▶ Task statement
Nothing should appear in the answer except the lines below from the line containing "Hotel Rio วาสโต ภายนอก รูปภาพ" through the line containing "Bir dilim limon pasta servis", copied exactly, with pictures left out.

▶ Input records
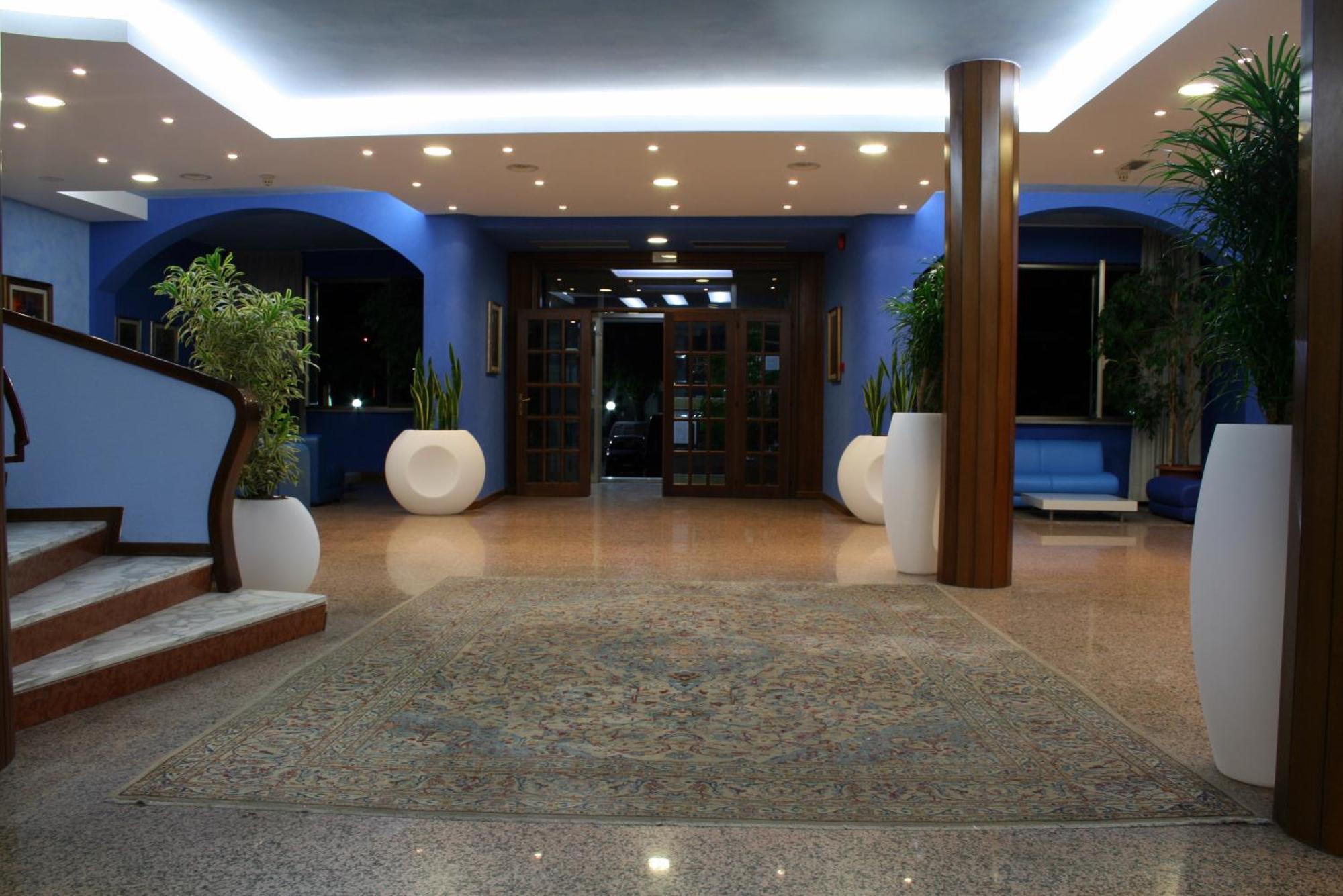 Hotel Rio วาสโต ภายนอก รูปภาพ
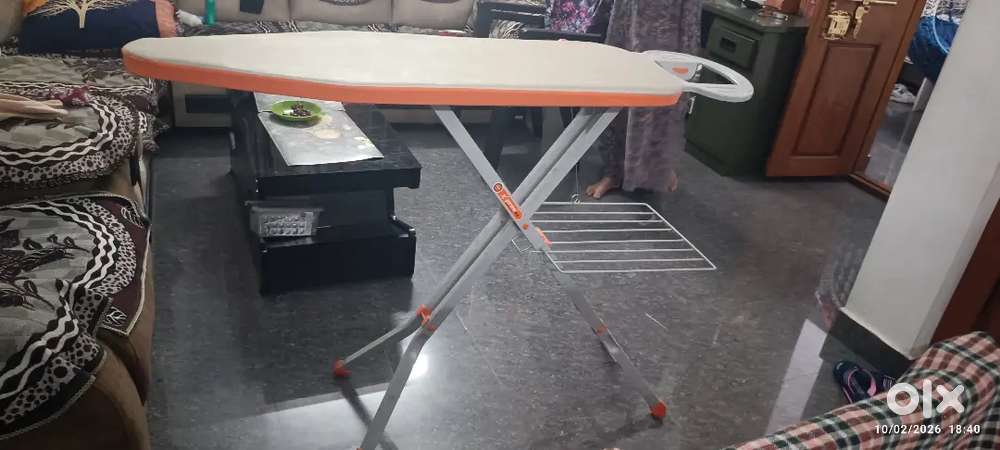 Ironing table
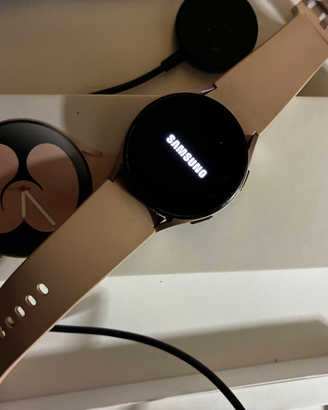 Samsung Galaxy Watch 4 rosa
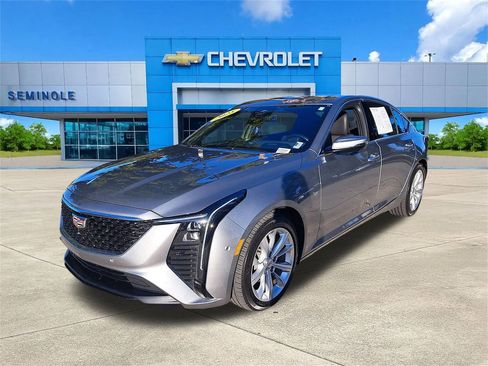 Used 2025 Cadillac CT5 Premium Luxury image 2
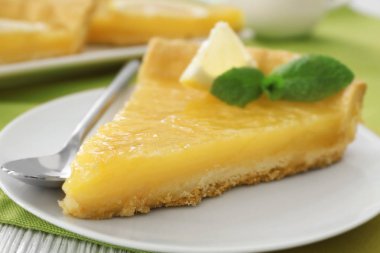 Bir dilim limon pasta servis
--
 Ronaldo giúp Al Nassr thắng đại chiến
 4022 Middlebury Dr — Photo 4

▶ Completed task
 Hotel Rio วาสโต ภายนอก รูปภาพ
 Ironing table
 Samsung Galaxy Watch 4 rosa
 Used 2025 Cadillac CT5 Premium Luxury image 2
 Bir dilim limon pasta servis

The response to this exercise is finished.